You already know Ray Bradbury. Even if you’ve never read a single one of his works, you know him because he’s dissipated into the American cultural ether as surely as Superman, Peanuts, or the early Charlie Chaplin shorts. I’d read a little Bradbury in my junior high school years, when I gobbled up any science fiction or fantasy I could find in my small town’s musty little library, but I remember being disappointed by Fahrenheit 451, perhaps the man’s most famous work. I thought, “That was it?” I’d expected a far-flung flight of imagination, not an occasionally didactic story about the dangers of censorship.
To be fair to 13-year-old me, he was seeking something to fill a Star Wars-shaped hole he didn’t know existed in his life; he’d never seen those films, and Bradbury’s more earthbound sci-fi appealed less than wilder space operas that had unusual alien races and feats of derring-do. Though I more or less like Fahrenheit 451 upon revisiting it as an adult, it’s still not my favorite book in Bradbury’s lineup. It is a little didactic, more interested in being a concept than a living, breathing work of literature. But, then, I’ve never liked a Bradbury novel as much as I’ve liked any of his short stories.
Those short stories popped up at key points in my life as well: “The Fog Horn” a dot on the point of a treacherous seventh-grade landscape, “The Sound Of Thunder” a speck on the horizon of the long fall when a college-aged version of myself lost a grandfather and watched as his country fell into a war it only started climbing out of a decade later. Yet I’d never sat down and read through Bradbury’s stories in bulk until this project, when I picked up the essential collection Bradbury Stories, assembled by the author himself for publication in 2003, the most effective memoir he could ever have written. In 100 tales, Bradbury effortlessly moves between the three modes most common in his work: science fiction, tales of small-town life, and fairy stories, often with sparklingly dark hearts.
Embedded throughout are snippets of a life that seems to tread close to Bradbury’s own, as with the young married couple of “Remember Sascha?,” who make up a voice for their unborn child that becomes an almost ghostly presence in their home. He writes, and she supports his writing.
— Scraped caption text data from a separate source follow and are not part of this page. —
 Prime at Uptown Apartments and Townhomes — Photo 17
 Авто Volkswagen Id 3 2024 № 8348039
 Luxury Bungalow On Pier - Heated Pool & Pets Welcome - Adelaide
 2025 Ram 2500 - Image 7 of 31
They are happy with that life, even as her growing midsection hints at a new, different topography to come. Yet the end is almost sad, as the voice of Sascha gives way to a real, bawling baby girl. (Bradbury and his wife—who were married for 56 years until her death in 2003—had four daughters.) Sascha is a specter that can be anything the young couple wants him to be, but the baby girl in her mother’s arms is something else entirely, a concrete person who will escape the bounds of her parents’ gravity soon enough.
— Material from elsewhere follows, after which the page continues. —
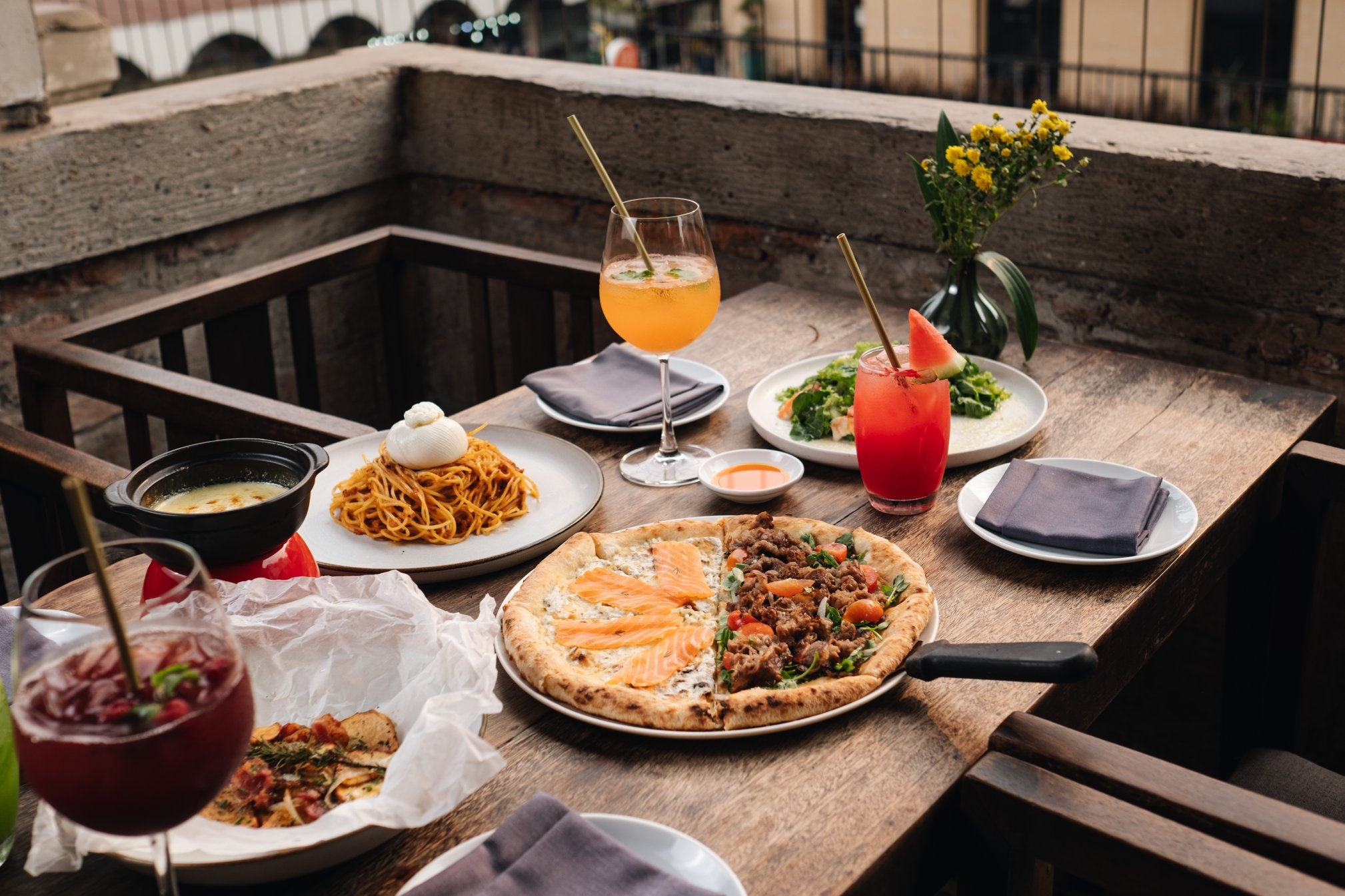 Chuoi Pizza 4P’s moi ngay lai hon 300 trieu dong hinh anh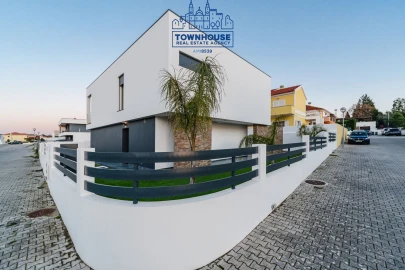 Moradia T4 para Venda em Azeitão (São Lourenço e São Simão)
That, at its heart, is the great theme of Bradbury’s work, particularly his stories: Things are always slipping behind you, irrevocably, into the past, and the more you try to hold onto them, the less definition they maintain between your fingertips. Even in his science fiction, Bradbury keeps his feet planted firmly on Earth, staring up into the stars with wonder.
Bradbury chooses to open Stories with two pieces that seem as direct an encapsulation of his work and themes as any he’d ever write. In a very real sense, they are his career in a nutshell. When discussing this project, a colleague mentioned to me that she eventually stopped reading Bradbury’s works because she felt as if she’d eventually experienced all he had to offer, and the rest of his body of work would offer up diminishing returns. To a degree, that’s true. The further one gets into Stories—or any collection of his writing—the more little pieces of Bradbury surface over and over again: the constant use of writer protagonists, the name Douglas, the happy-go-lucky do-gooderism that curdles into condescension every so often. To read those first two stories in Stories is to read all Bradbury stories, in some ways, but it’s also a perfect introduction to a young writer who was only just honing his craft.
The first, “The Whole Town’s Sleeping,” dates to 1950 and finds Bradbury in a favorite mode: the early-20th-century quaint town that hides deep, dark secrets. Bradbury spent much of his career trying to use his words to re-create Waukegan and a world that was already beginning to disappear when he met Mr. Electrico, as if trying to get back to some more innocent state that existed before he moved to Los Angeles at the age of 13. Yet his small-town stories often contain hints of darkness and menace, of a place that’s slipping just out of its orbit and plunging toward a black hole. In “The Whole Town’s Sleeping,” the black hole takes the form of a serial killer.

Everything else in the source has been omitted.